§ Source material
= Beginning of Section =

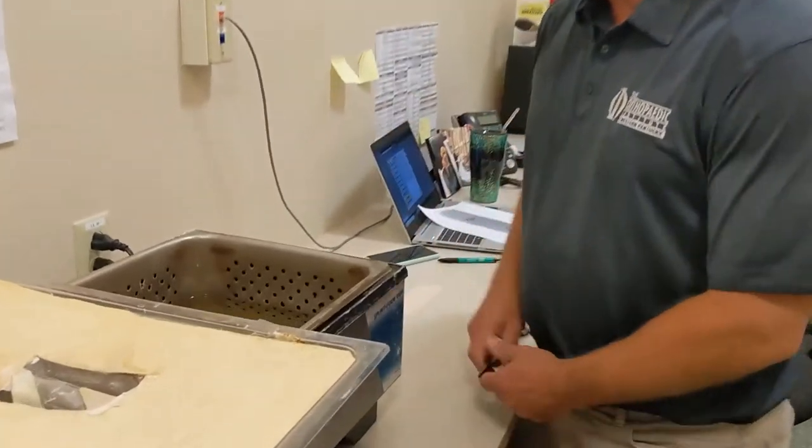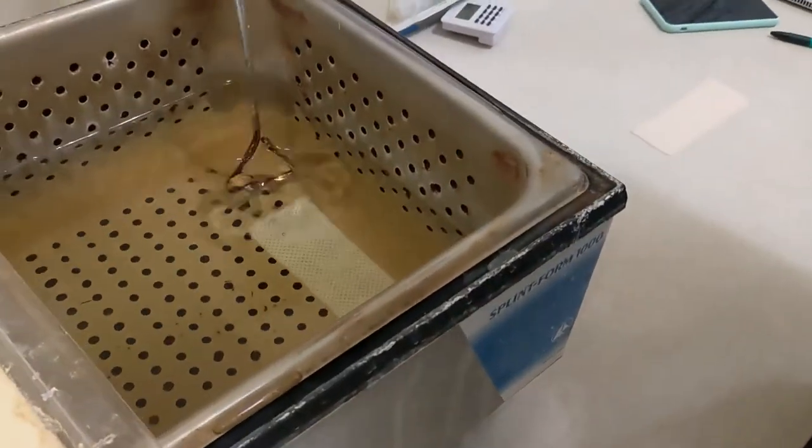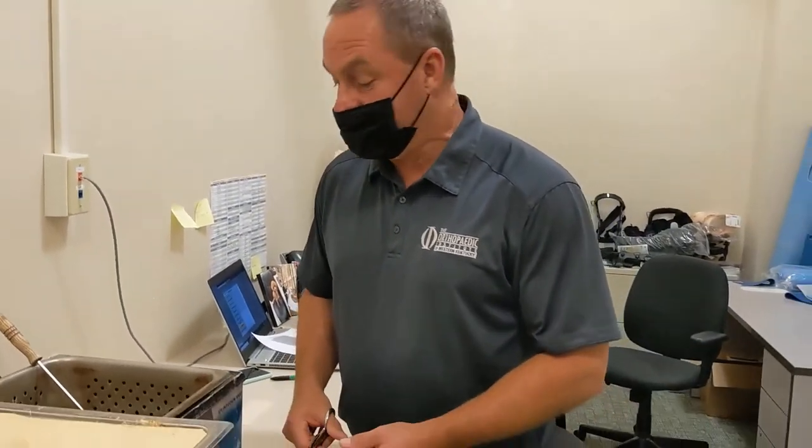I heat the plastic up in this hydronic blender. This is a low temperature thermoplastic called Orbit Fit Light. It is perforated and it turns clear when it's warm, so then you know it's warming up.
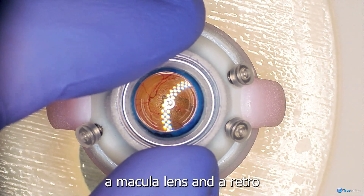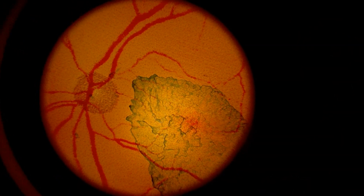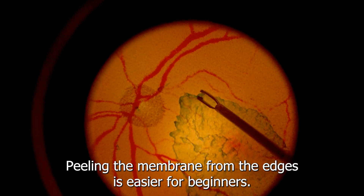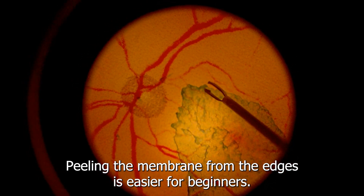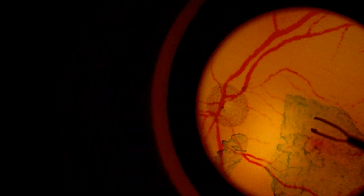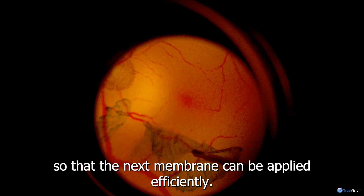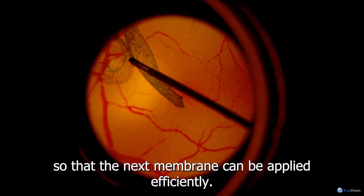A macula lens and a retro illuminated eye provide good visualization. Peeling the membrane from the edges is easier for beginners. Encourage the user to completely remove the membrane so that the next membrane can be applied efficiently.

= End of Section =
= Beginning of Section =

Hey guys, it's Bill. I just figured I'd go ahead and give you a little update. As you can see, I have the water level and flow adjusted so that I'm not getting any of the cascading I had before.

= End of Section =

§ Your assignment
Each line above that falls between the line with "I heat the plastic" and the line with "A macula lens" should be printed exactly, together with those two lines, but the pictures should not.

§ Answer below
I heat the plastic up in this hydronic blender. This is a low temperature thermoplastic called Orbit Fit Light. It is perforated and it turns clear when it's warm, so then you know it's warming up.
A macula lens and a retro illuminated eye provide good visualization. Peeling the membrane from the edges is easier for beginners. Encourage the user to completely remove the membrane so that the next membrane can be applied efficiently.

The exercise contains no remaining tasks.